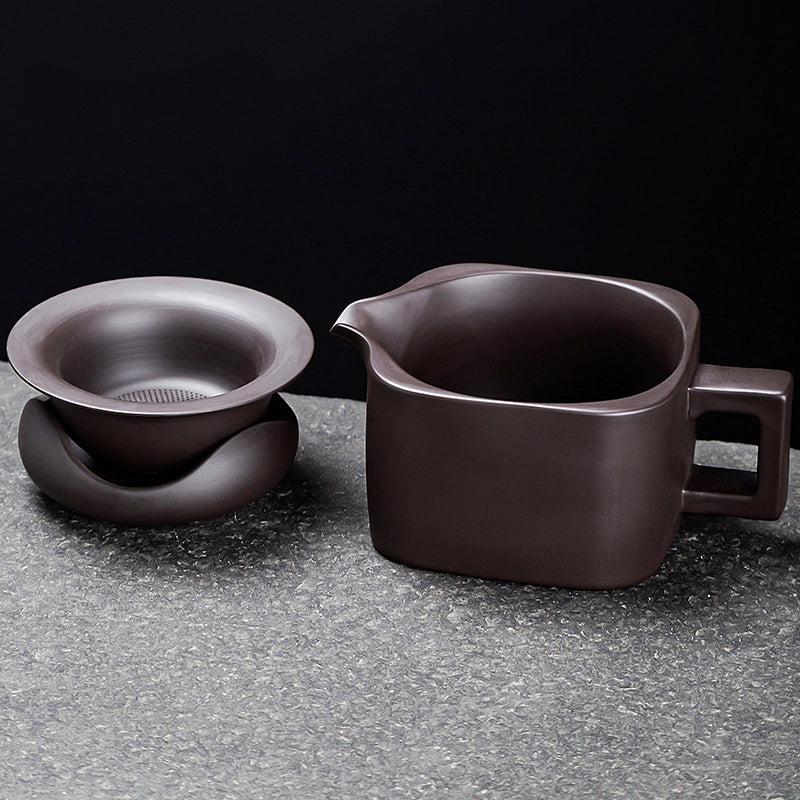 yixing zisha clay tea accessories – Handmade Purple Clay Tea Strainer Fairness Cup by Kungfuyang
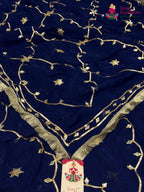 Blue Chiffon Gota Patti Saree for Wedding Guest | Signature Drape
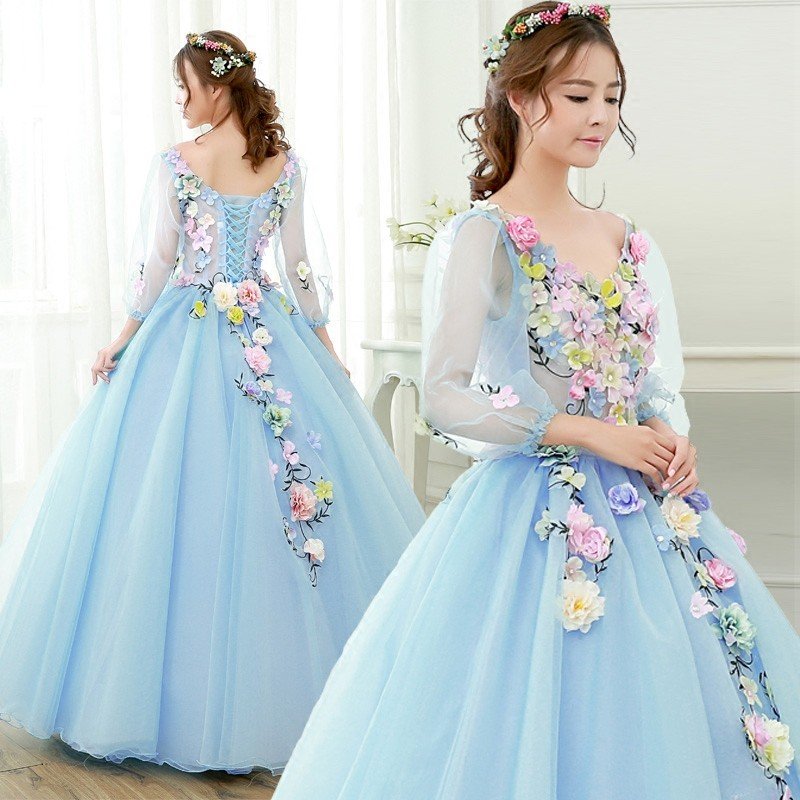 カラードレス ウェディングドレス ロングドレス 演奏会 コンサート 舞台衣装 大きいサイズ ブルー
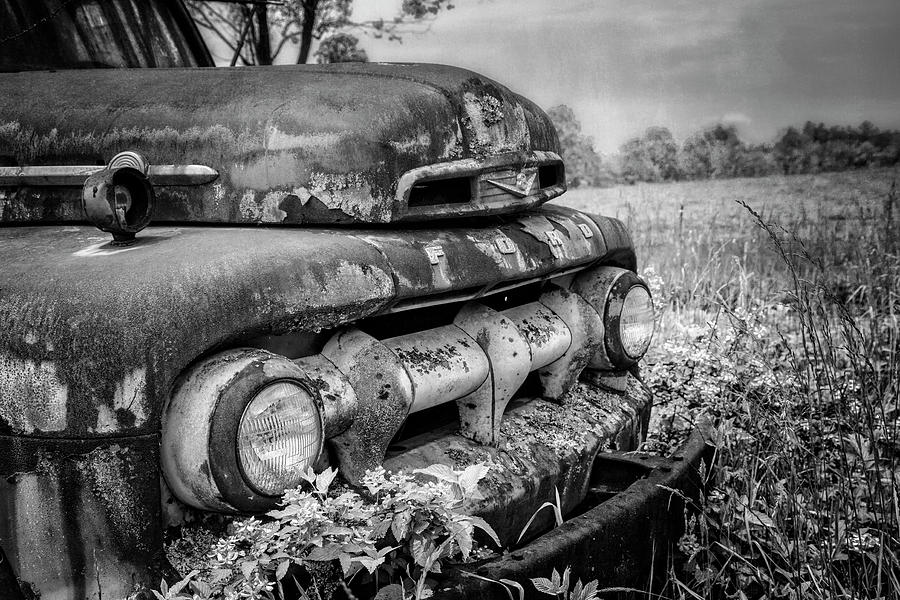 Rusty Ford in the Country Black and White Photograph by Debra and Dave Vanderlaan
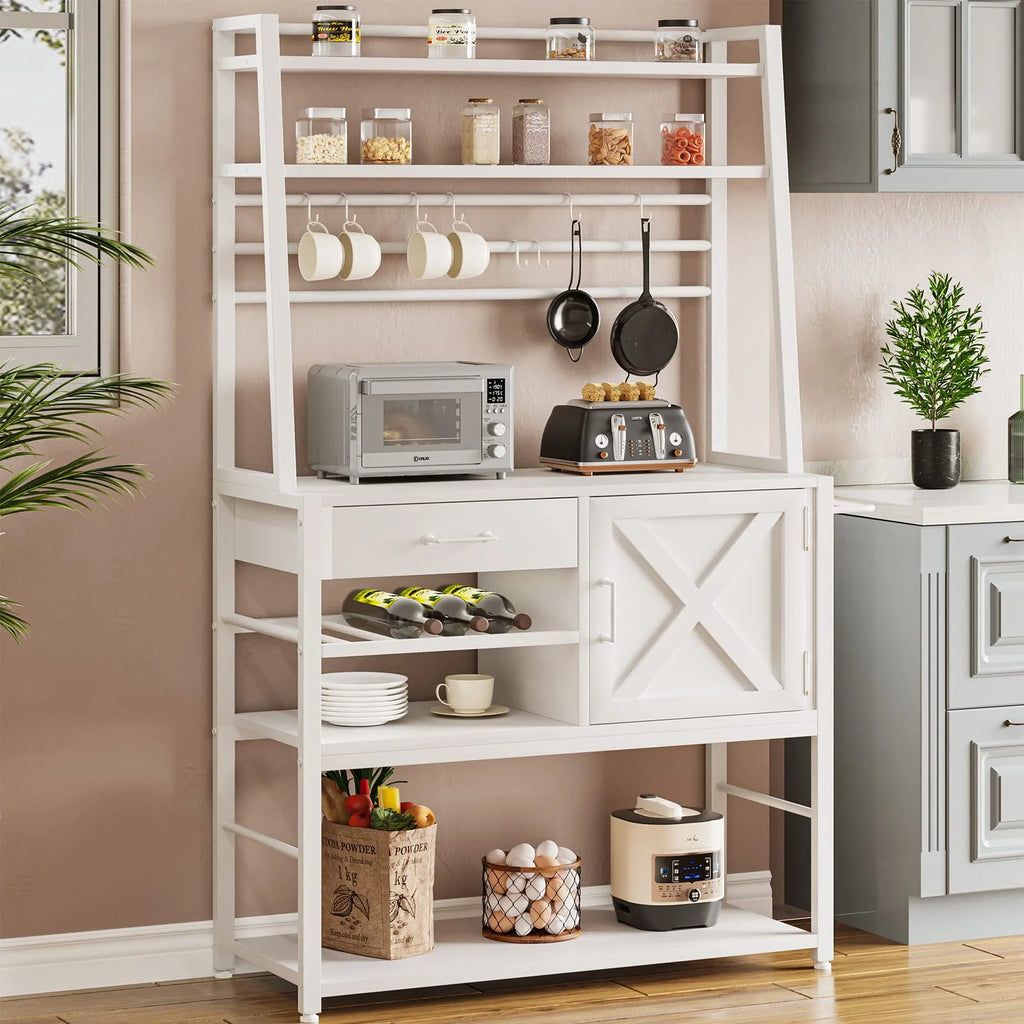 White Kitchen Bakers Rack with Storage G2397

§ What you have to do:
Skipping all pictures, set the listing down exactly as written.

§ Reply to the exercise:
 yixing zisha clay tea accessories – Handmade Purple Clay Tea Strainer Fairness Cup by Kungfuyang
 Blue Chiffon Gota Patti Saree for Wedding Guest | Signature Drape
 カラードレス ウェディングドレス ロングドレス 演奏会 コンサート 舞台衣装 大きいサイズ ブルー
 Rusty Ford in the Country Black and White Photograph by Debra and Dave Vanderlaan
 White Kitchen Bakers Rack with Storage G2397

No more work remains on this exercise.